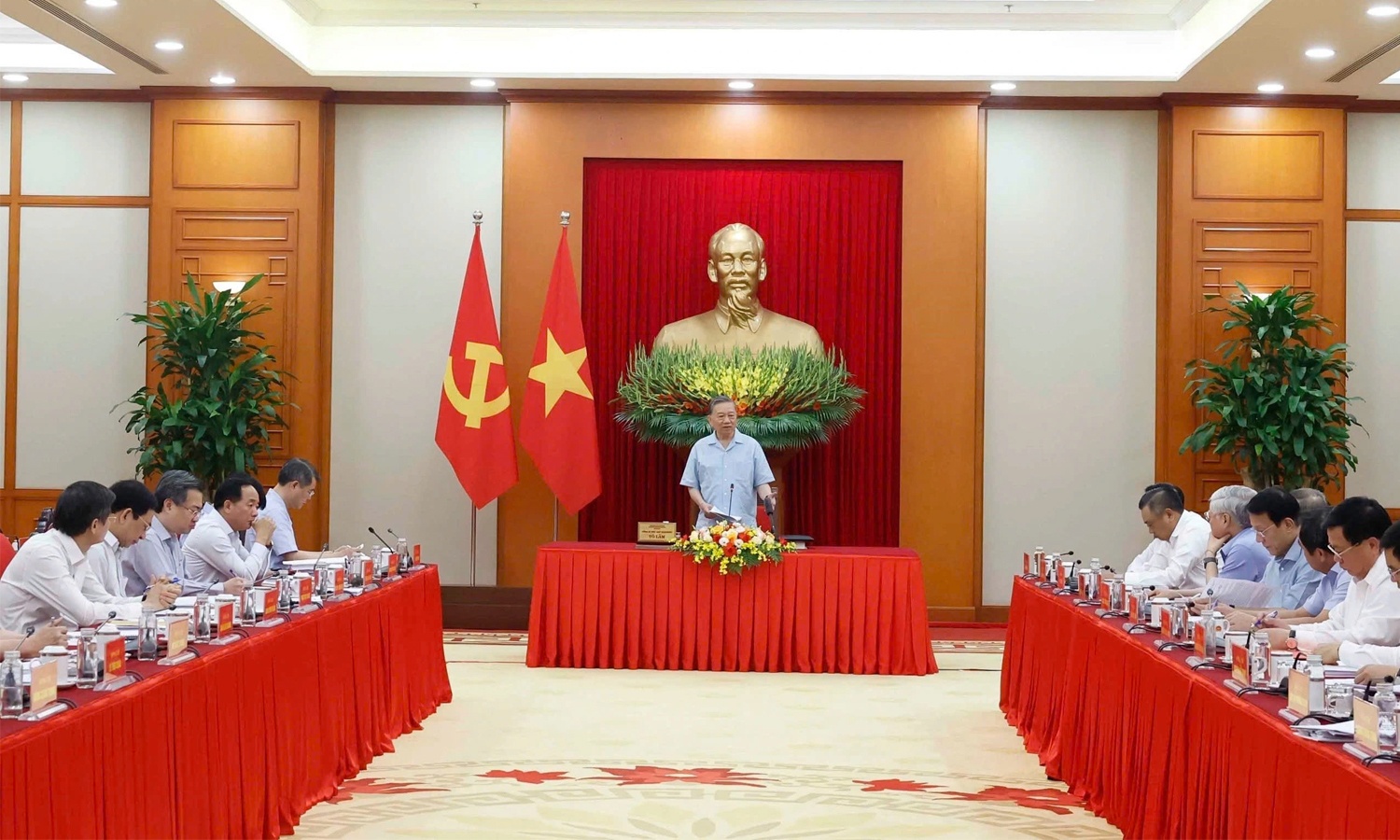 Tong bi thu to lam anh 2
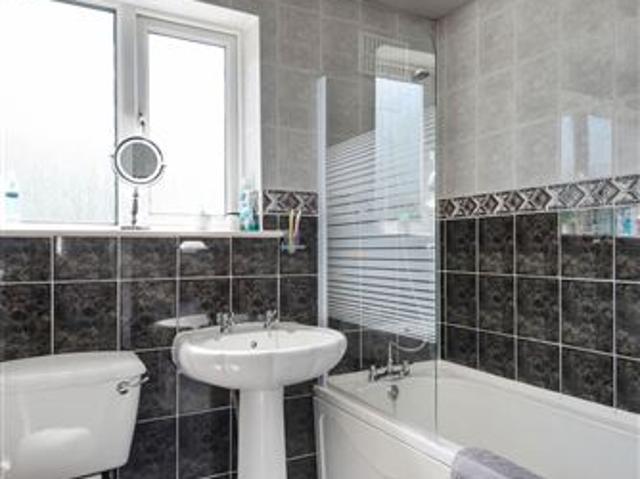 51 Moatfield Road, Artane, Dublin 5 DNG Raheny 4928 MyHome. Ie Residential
---
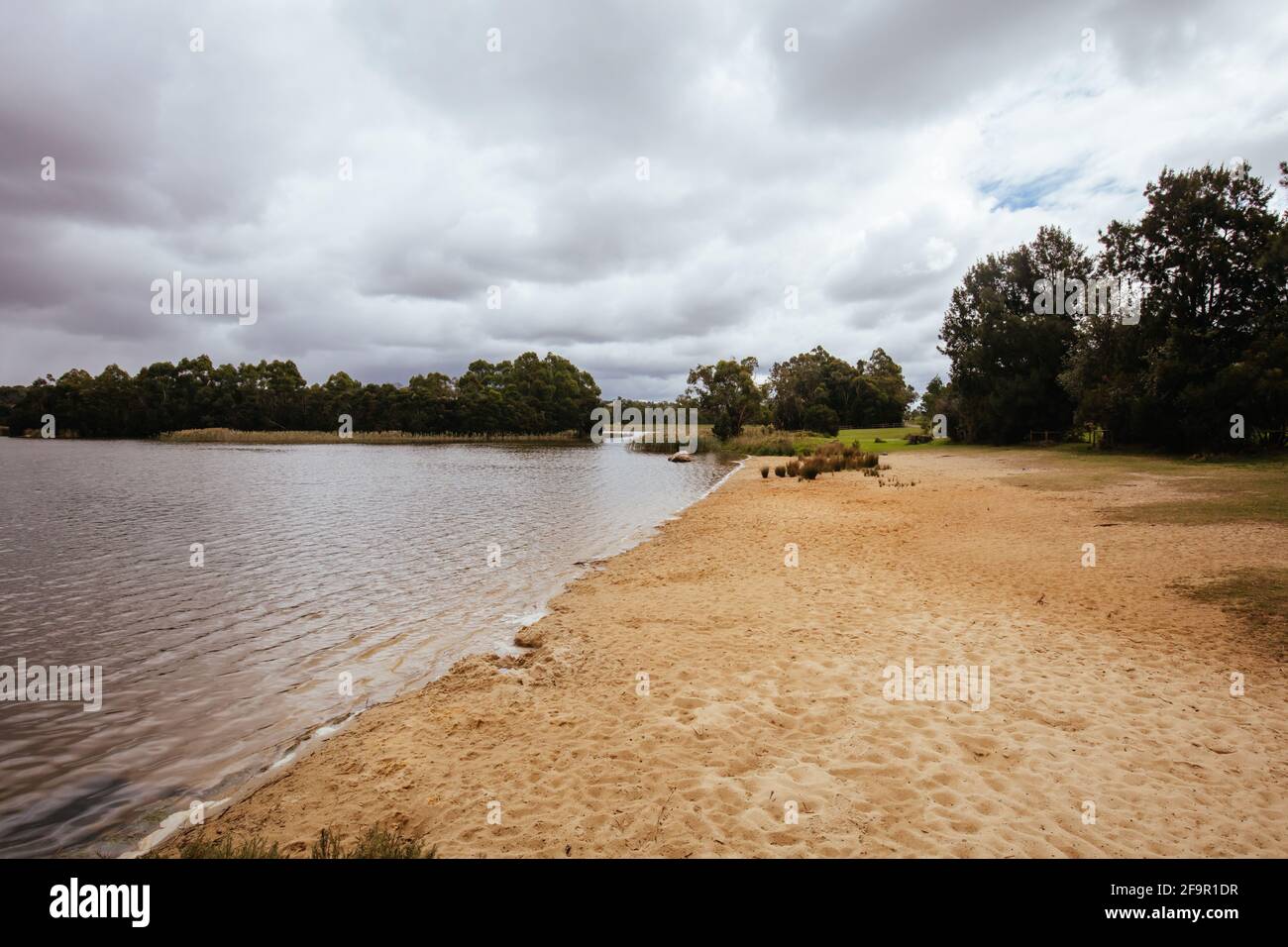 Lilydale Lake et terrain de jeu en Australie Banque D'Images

• **Aim of the task**
Using the data above, copy exactly the lines from the one containing "Tong bi thu to lam anh 2" to the one containing "51 Moatfield Road, Artane, Dublin", inclusive. Exclude the pictures.

• **Response area**
 Tong bi thu to lam anh 2
 51 Moatfield Road, Artane, Dublin 5 DNG Raheny 4928 MyHome. Ie Residential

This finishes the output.